Toruń - Workuta - ujście rzeki Bajdarata. Tak ma wyglądać trasa pionierskiego rajdu, w który wybierają się toruńscy dziennikarze i naukowcy.
Jacek Kiełpiński i Radosław Rzeszotek, pomysłodawcy wyprawy, nie kryją, że będzie ona ryzykowna, ale i tak chcą spróbować. Dlaczego? Powodów jest kilka, najważniejszy ma tło historyczne. - Chcemy przypomnieć, że Workuta, której nie można znaleźć na większości map Europy, nadal istnieje i że jest to miasto, w którym zginęło mnóstwo ludzi - mówi Rzeszotek. - Informacja o tym, że budowa linii kolejowej do Workuty pochłonęła 2 mln istnień, wprawiła mnie w całkowite osłupienia. Do dziś zresztą w mieście mówi się o tym, że pod każdym podkładem kolejowym na tej trasie leży człowiek.
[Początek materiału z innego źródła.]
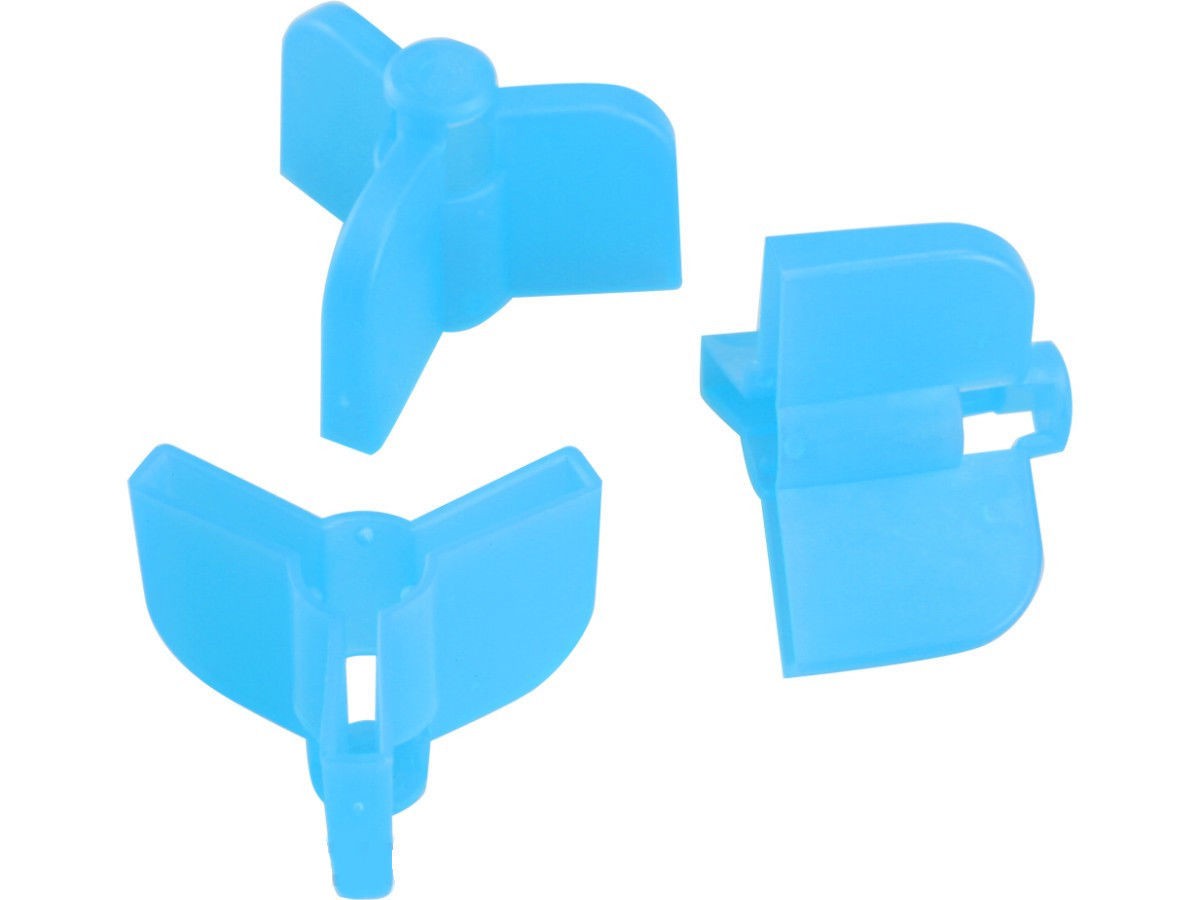 Fishing Treble Hook Safety Caps - Protective Lure Accessory in Multiple Sizes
Do Workuty można dostać się jedynie koleją lub samolotem
Drogi kończą się półtora tysiąca kilometrów przed miastem.
Poruszanie się na kołach w tej szerokości geograficznej wydaje się niemożliwe. No, może z wyjątkiem zimy, kiedy bagna i rzeki skuwa lód. - Dojazdu do Workuty aż tak się nie obawiamy, trudniej będzie dotrzeć do ujścia Bajdaraty - mówi Radosław Rzeszotek. - Tam wszystko może się wydarzyć.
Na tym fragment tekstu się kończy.